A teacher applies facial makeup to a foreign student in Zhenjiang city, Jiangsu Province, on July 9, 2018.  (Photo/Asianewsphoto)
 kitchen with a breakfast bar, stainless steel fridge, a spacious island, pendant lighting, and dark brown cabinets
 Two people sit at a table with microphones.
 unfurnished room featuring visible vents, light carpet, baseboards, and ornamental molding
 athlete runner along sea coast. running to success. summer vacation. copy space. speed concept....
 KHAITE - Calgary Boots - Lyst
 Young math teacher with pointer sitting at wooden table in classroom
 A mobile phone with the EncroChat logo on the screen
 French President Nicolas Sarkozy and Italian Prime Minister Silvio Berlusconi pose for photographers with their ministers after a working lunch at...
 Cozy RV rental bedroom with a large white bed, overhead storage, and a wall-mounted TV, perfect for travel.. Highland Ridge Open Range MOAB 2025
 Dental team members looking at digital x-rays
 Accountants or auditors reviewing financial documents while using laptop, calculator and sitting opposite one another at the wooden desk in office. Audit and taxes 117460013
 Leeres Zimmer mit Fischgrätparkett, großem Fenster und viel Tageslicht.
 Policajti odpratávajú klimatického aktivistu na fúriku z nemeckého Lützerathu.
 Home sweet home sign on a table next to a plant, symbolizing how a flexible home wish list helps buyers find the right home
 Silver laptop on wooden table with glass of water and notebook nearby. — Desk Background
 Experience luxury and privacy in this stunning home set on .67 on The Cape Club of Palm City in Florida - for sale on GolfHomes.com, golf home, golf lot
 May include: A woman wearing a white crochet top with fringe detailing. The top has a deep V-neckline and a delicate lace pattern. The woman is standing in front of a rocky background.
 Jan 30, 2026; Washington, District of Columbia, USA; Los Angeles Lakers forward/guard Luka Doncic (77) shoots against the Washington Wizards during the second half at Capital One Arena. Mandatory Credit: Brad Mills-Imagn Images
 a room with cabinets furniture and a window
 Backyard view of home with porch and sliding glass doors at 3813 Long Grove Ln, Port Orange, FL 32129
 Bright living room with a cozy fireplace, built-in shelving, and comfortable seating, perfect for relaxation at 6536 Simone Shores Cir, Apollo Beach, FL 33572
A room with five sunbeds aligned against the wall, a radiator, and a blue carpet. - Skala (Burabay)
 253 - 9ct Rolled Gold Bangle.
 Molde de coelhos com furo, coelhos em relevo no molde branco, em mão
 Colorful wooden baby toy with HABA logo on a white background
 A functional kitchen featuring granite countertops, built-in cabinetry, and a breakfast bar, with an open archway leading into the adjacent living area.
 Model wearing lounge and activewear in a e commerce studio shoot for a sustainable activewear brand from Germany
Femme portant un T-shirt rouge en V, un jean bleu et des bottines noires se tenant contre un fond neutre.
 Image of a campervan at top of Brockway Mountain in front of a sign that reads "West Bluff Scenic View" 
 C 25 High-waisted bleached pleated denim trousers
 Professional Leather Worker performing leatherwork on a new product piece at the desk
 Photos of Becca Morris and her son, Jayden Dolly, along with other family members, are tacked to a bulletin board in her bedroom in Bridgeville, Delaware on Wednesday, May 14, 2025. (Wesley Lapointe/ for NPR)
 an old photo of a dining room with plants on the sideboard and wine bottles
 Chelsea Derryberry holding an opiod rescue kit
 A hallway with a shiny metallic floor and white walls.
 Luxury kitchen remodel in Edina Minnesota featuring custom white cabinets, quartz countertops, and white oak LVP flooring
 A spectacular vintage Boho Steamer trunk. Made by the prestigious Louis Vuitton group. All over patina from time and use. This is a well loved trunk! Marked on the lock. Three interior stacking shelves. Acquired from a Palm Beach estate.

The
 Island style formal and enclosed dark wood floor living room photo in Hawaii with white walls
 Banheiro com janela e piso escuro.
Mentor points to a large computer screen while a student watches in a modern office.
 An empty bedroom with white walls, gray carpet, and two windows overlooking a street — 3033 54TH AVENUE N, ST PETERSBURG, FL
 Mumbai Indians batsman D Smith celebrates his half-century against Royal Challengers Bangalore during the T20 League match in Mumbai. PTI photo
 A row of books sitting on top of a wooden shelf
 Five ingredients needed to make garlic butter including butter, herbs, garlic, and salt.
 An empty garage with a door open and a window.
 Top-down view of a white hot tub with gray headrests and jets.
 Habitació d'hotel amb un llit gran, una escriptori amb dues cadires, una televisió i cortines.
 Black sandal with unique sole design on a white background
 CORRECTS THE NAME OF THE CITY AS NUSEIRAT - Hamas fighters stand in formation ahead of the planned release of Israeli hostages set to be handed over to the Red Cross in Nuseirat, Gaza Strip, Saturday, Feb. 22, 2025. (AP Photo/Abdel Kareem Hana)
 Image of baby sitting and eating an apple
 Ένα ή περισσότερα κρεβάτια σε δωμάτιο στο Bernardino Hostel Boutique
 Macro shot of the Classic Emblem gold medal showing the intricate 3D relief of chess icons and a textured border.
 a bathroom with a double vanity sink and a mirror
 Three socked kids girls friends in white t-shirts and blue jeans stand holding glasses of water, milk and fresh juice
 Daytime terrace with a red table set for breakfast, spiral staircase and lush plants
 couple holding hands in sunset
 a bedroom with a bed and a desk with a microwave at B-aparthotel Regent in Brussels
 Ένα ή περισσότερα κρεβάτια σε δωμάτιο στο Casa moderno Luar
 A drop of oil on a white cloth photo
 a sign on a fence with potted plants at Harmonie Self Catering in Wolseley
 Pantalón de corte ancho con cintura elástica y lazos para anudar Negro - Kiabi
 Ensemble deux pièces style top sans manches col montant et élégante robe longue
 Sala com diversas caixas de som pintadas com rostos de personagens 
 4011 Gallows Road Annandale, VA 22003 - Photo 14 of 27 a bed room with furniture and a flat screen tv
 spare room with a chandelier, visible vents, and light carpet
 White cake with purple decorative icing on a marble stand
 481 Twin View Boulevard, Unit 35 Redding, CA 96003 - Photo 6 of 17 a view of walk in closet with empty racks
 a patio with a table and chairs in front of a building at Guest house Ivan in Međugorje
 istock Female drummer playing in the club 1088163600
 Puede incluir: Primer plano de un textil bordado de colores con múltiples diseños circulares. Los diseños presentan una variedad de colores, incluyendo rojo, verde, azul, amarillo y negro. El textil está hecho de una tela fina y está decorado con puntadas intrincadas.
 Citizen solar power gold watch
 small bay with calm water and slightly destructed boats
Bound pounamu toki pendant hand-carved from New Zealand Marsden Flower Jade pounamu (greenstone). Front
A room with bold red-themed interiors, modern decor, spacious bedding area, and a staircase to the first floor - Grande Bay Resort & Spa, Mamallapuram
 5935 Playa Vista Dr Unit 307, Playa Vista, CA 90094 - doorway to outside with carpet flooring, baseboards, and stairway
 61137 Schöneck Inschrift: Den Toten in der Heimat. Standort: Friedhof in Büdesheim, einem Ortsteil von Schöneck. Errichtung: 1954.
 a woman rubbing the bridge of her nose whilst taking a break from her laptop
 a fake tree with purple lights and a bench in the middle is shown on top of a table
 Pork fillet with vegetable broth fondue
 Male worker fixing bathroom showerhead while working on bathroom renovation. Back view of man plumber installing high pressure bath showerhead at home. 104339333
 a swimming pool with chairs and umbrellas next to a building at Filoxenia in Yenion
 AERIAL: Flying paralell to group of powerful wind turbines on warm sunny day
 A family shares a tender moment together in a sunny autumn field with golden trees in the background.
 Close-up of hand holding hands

### [EXERCISE PROMPT]
Write out only the lines that run from the line containing "A room with bold" through the line containing "5935 Playa Vista", both included, exactly as they appear above.

### [SOLUTION FOR THIS TASK]
A room with bold red-themed interiors, modern decor, spacious bedding area, and a staircase to the first floor - Grande Bay Resort & Spa, Mamallapuram
 5935 Playa Vista Dr Unit 307, Playa Vista, CA 90094 - doorway to outside with carpet flooring, baseboards, and stairway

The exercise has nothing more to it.